Maximization of a likelihood function for a GARCH(1,1) process [closed]

Question

I'm currently studying Pseudo Maximum Likelihood estimation. I'm trying to fit a GARCH model with Gaussian Pseudo Maximum Likelihood (and then non Gaussian), but before doing it on actual data I wanted to make sure it works with simulations.
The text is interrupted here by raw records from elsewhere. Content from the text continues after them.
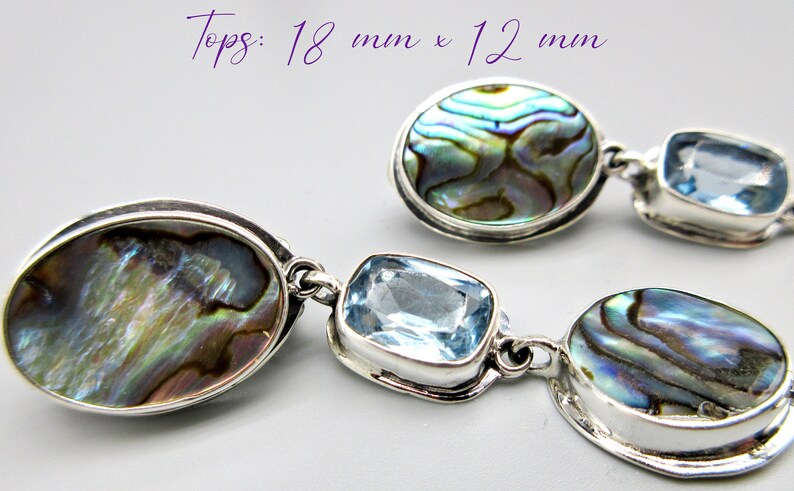 May include: A pair of silver earrings with oval-shaped abalone shell and blue topaz stones. Tops: 18 mm x 12 mm.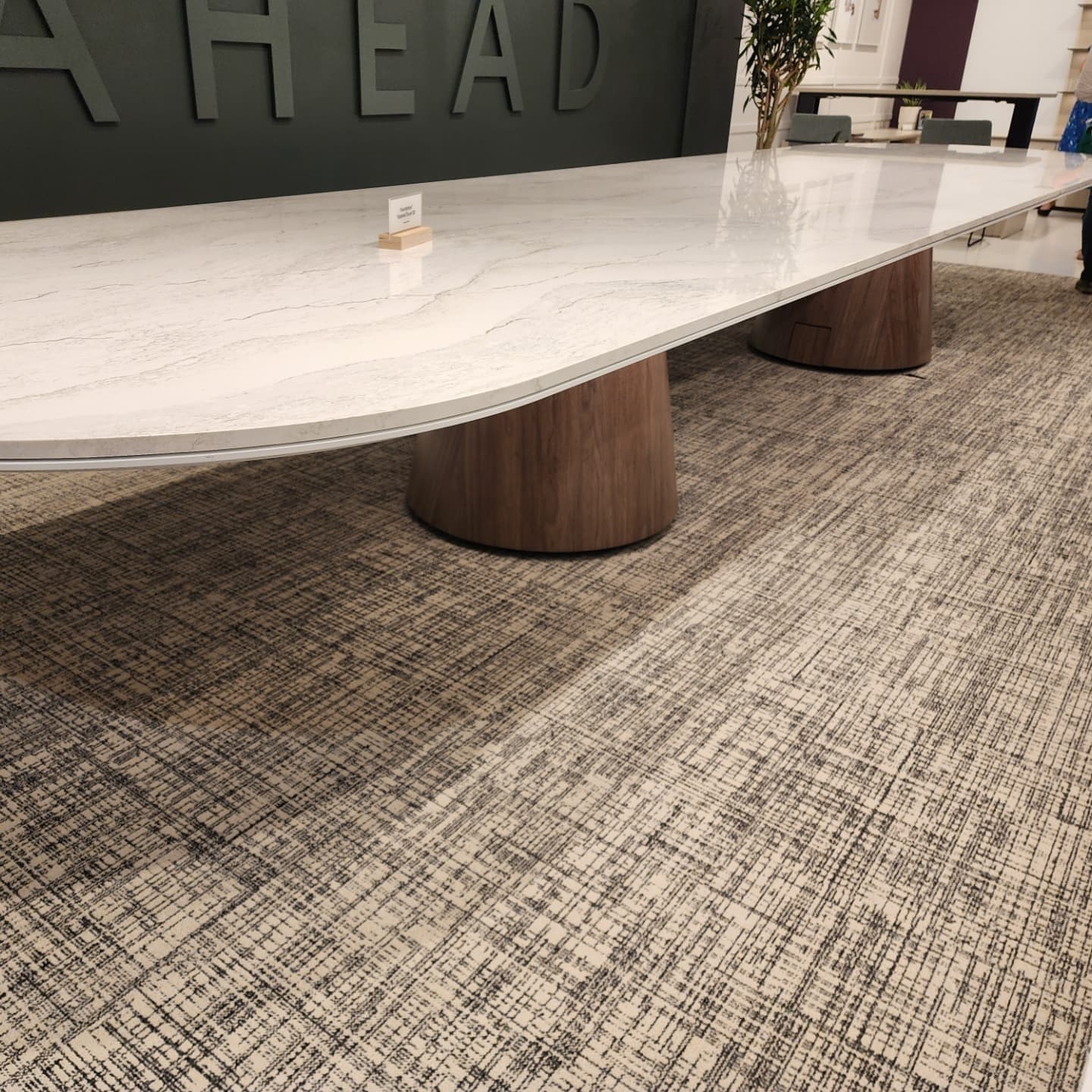 White marble conference table with wood pedestal base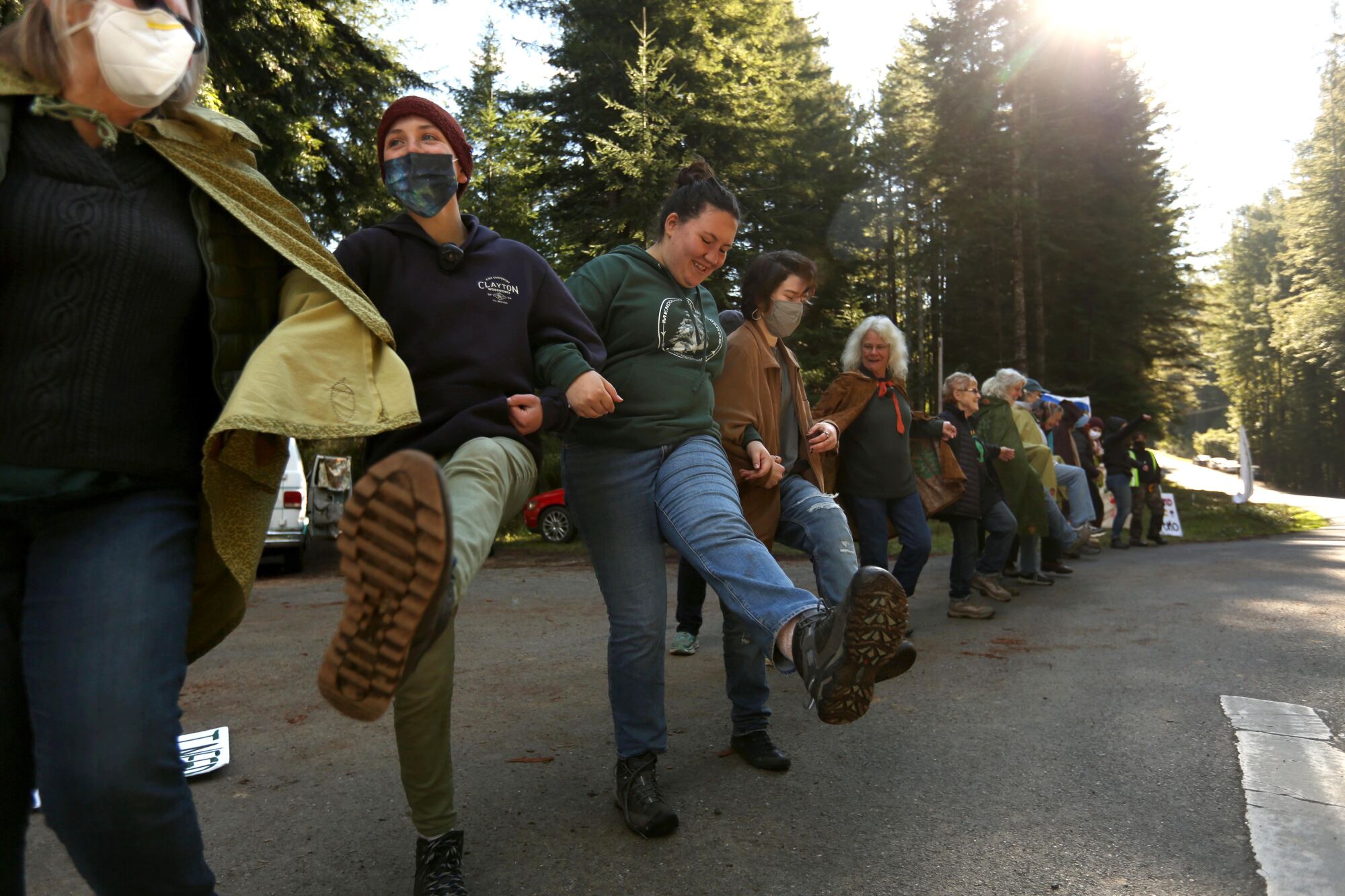 "Forest defenders" dance and celebrate their efforts to bring a temporary stop to timber sales.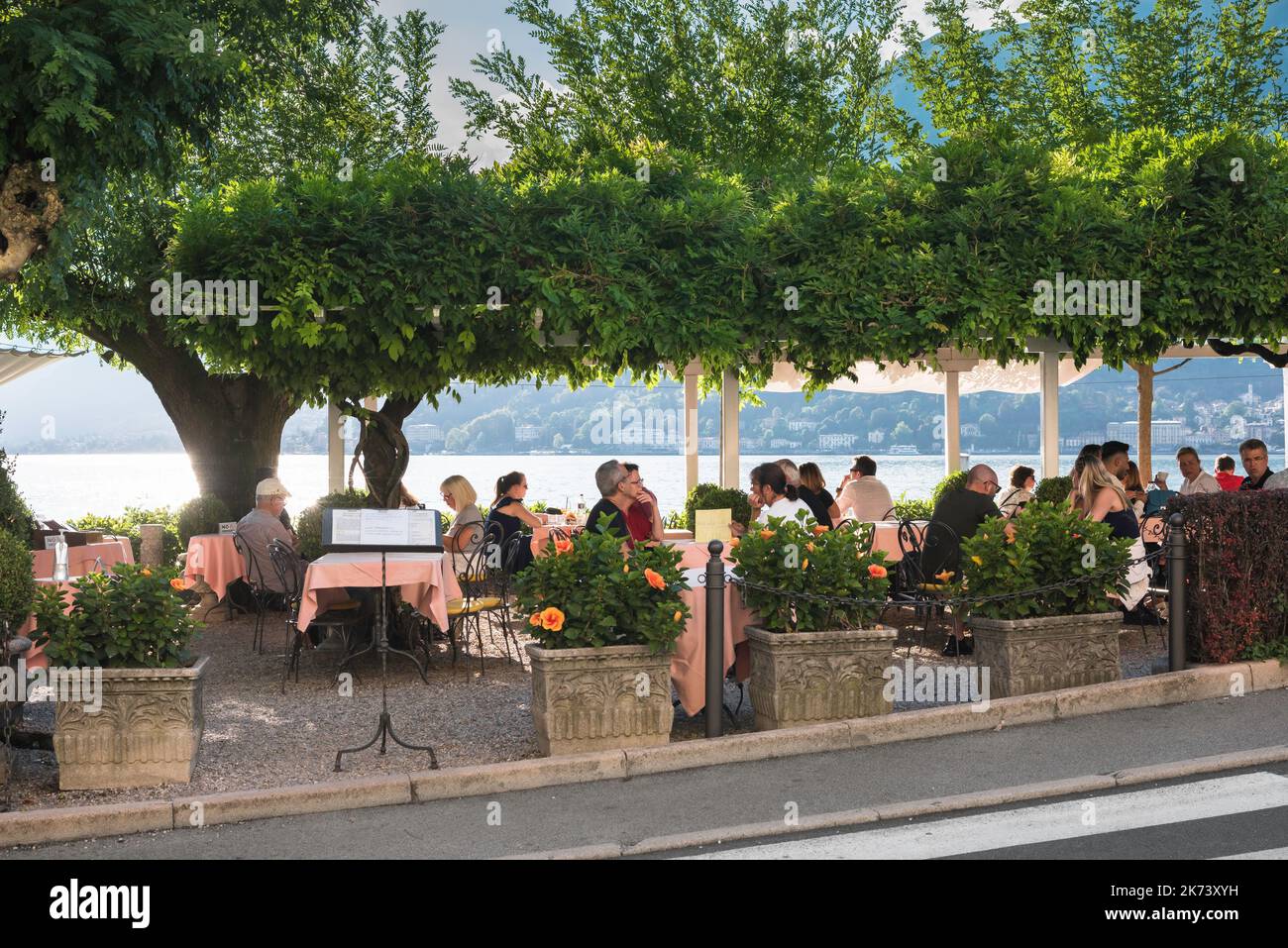 Bellagio Italy restaurant, view in summer of people relaxing on the terrace of a lakeside restaurant in the Piazza Mazzini in Bellagio, Lake Como Stock Photo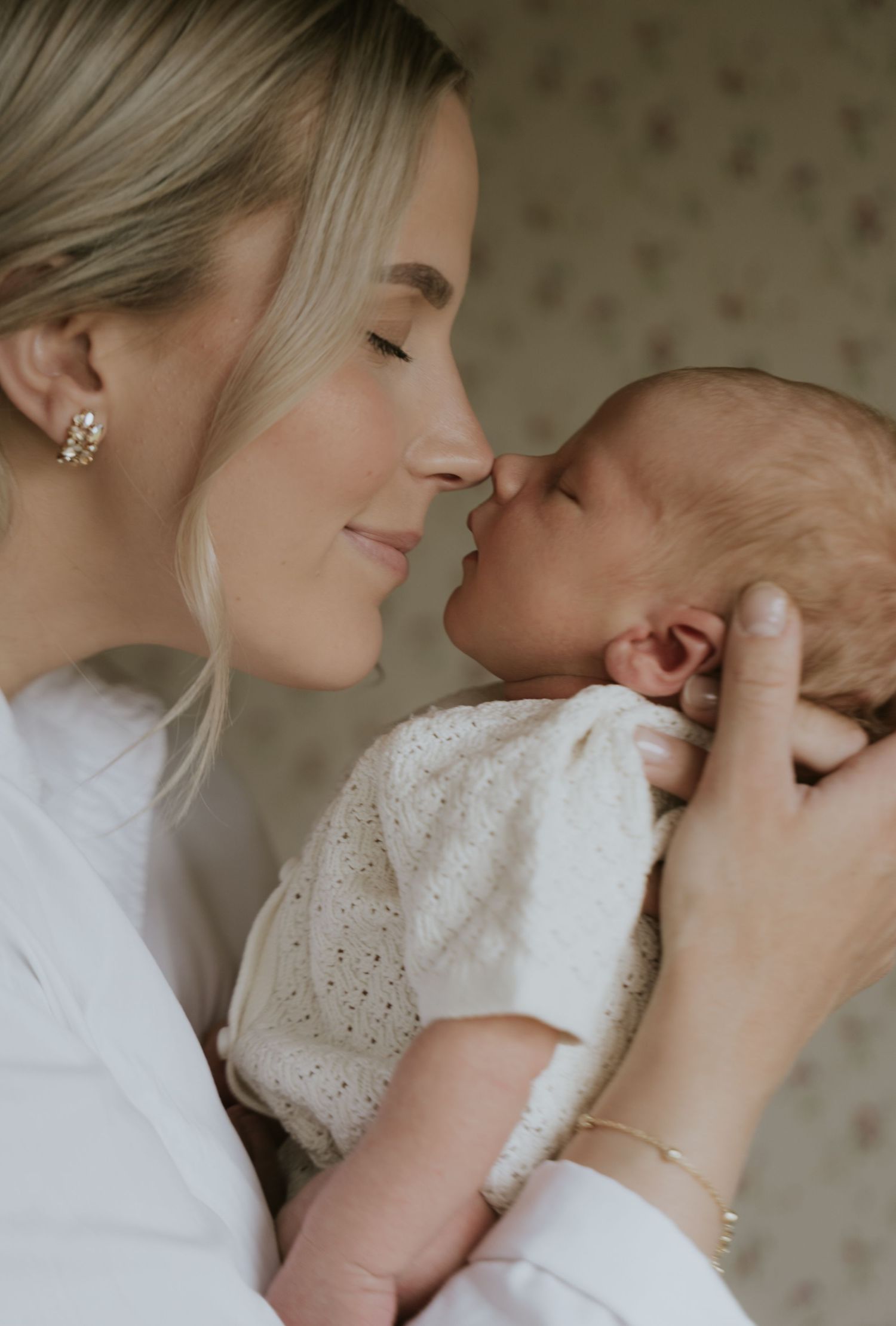 A tender sequence of intimate moments between parent and child in soft, muted tones.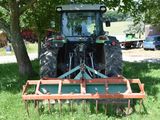 a tractor with a plow attached to it in the grass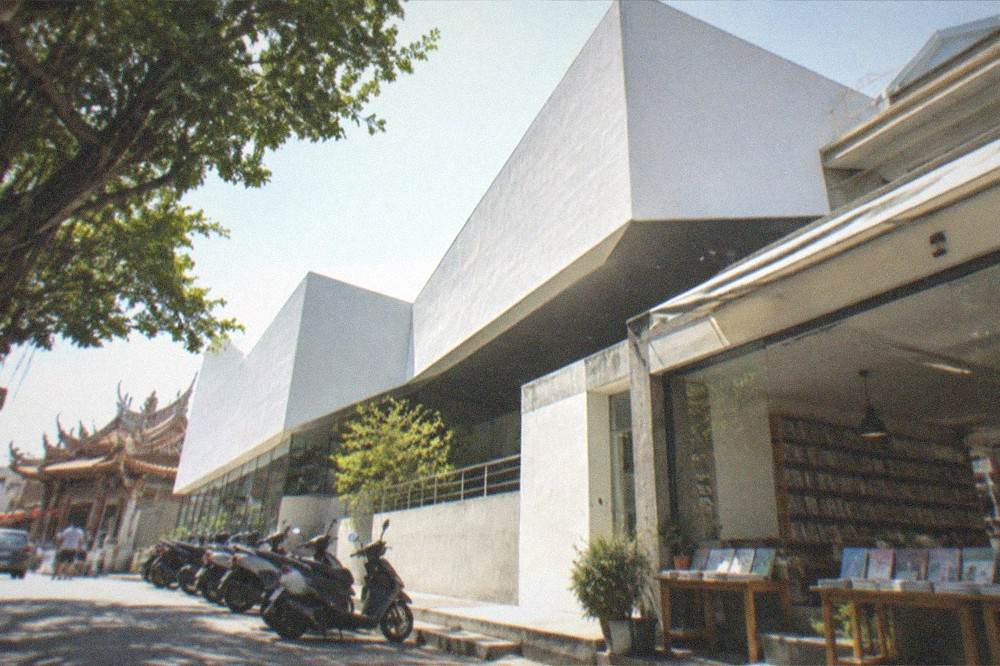 A museum gift shop and cafe area with art books on shelves and tables by a window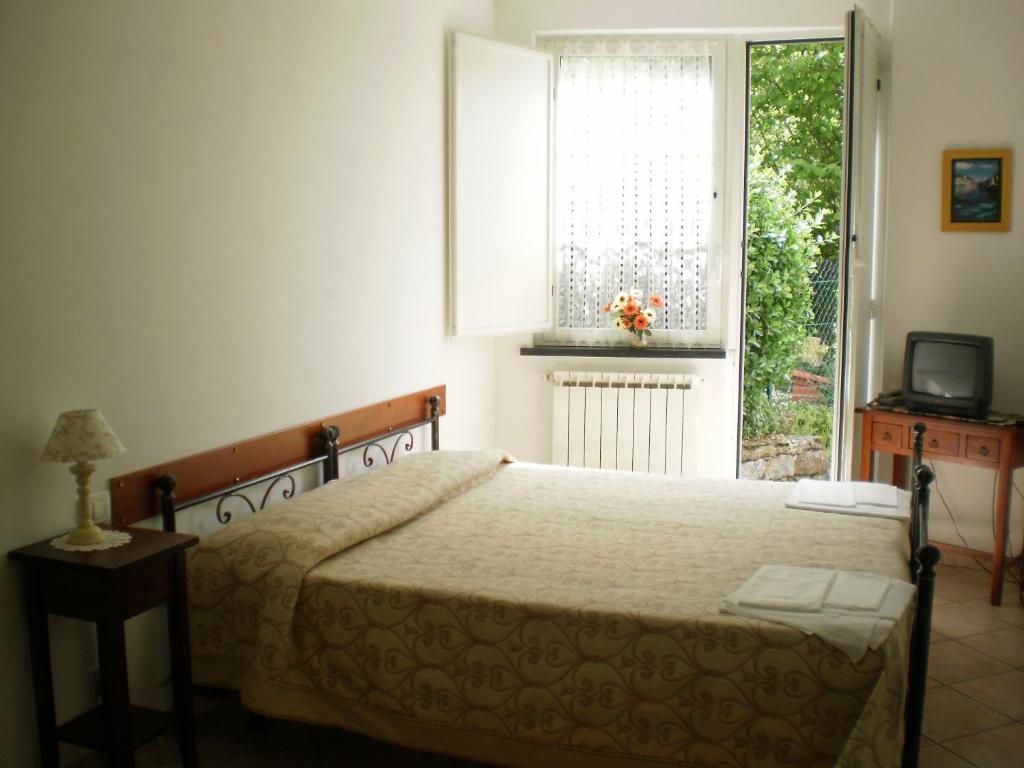 Hotel Paese Corvara Beverino Cameră foto
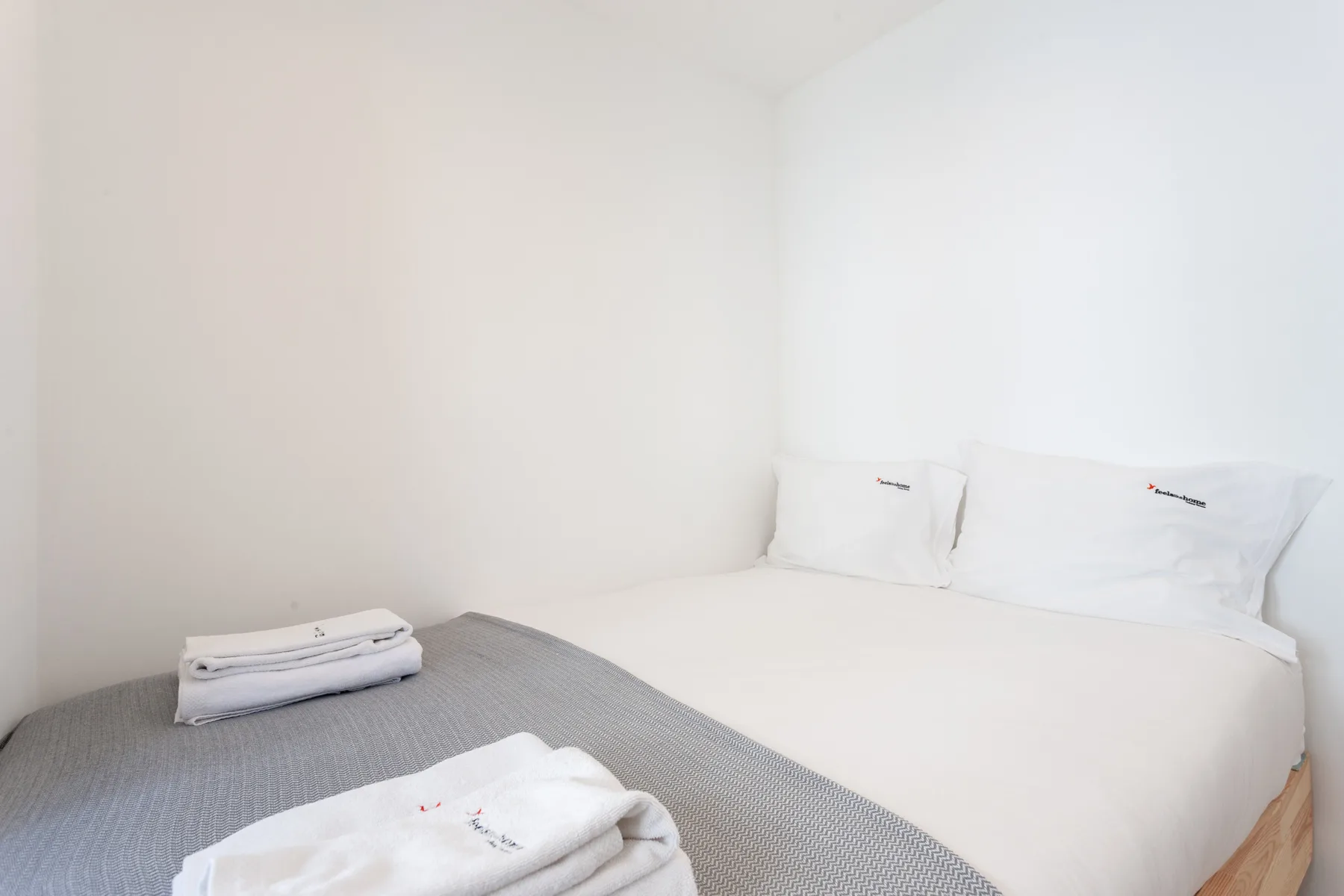 Un dormitorio con una cama cubierta de sábanas blancas y toallas dobladas.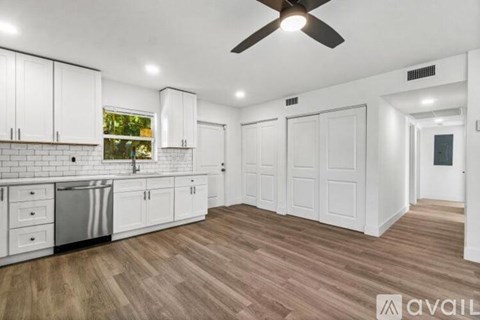A kitchen with white cabinets and a wooden floor.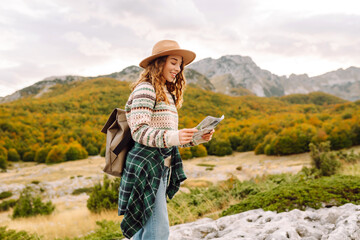 Fototapeta premium Smiling woman in backpack holding map against majestic mountains background. Young female traveler enjoying landscapes with map of area and choosing direction for hiking. Travel concept, navigation.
The parametrization I'm using is the one in Newey and Steigerwald (1997)

$$y_t=\sigma_0 v_t z_t=\epsilon_t$$ $$v_t^2=1+\alpha \epsilon_{t-1}^2+\beta v_{t-1}^2$$ Where $z_t$ is i.i.d. $D(0,1)$. I then wrote the log-likelihood function in Matlab

function [logL,gradlogL] = gllik(theta,y) %GLOGLIKELIHOOD Given a time series this function calculates the gaussian log %likelihood for a garch(1,1) process. the notation used is %yt=epsilon_t %epsilon_t=sigma0*sigma_t*z_t, z_t iid(0,1) %sigmat^2=1+alpha*(epsilon(t-1)^2)+beta*sigmat(t-1)^2 %theta(1)=sigma0^2; theta(2)=alpha; theta(3)=beta; T=size(y,1); logL=0; %initializing innovation eps=nan(T,1); eps(1)=0; %initializing conditional variance sigmatsq=nan(T,1); sigmatsq(1)=var(y); ztsq=nan(T,1); ztsq(1)=0; dgammavtsq=zeros(T,2); dgammalt=zeros(T,2); %Gradient declaration gradlogL=zeros(1,3); for t=2:T %calculating new means, volatilities and residuals sigmatsq(t)=1+theta(2)*eps(t-1)^2+theta(3)*sigmatsq(t-1); eps(t)=y(t); ztsq(t)=(eps(t))^2/(theta(1)*sigmatsq(t)); %calculating likelihood lt=-log(2*pi)/2-log(sigmatsq(t))/2-ztsq(t)/2-log(theta(1))/2; logL=logL+lt; %calculating gradient gradlogL(1)=gradlogL(1)+(2*theta(1))^(-1)*(ztsq(t)-1); dgammavtsq(t,:)=[eps(t-1)^2, sigmatsq(t-1)]; dgammalt(t,:)=(dgammavtsq(t,:)/(2*sigmatsq(t)))*(ztsq(t)-1); gradlogL(2:3)=gradlogL(2:3)+dgammalt(t,:); end logL=-logL/T; gradlogL=-gradlogL/T; end

I return minus the function because then I want to maximize it using fmincon. I'm using the following options for the minimizer:

options = optimoptions('fmincon','Algorithm','interior-point','SpecifyObjectiveGradient',true,'MaxIterations', 1000, 'MaxFunEvals',500);

And I'm imposing that $\alpha+\beta <1$ and the parameters are all positive. The problem is that the minimization gives me completely off estimates. In my latest simulation I used as parameters $\alpha=0.1$, $\beta=0.85$, $\sigma_0=0.9$ and simulated $N=50$ GARCH(1,1) Gaussian time series. Fmincon returns as averaged estimates $\hat{\sigma_0}=4.3896$, $\hat{\alpha}=0.0330$, $\hat{\beta}=0.5620$ (I did it with higher N too, with results that are no better).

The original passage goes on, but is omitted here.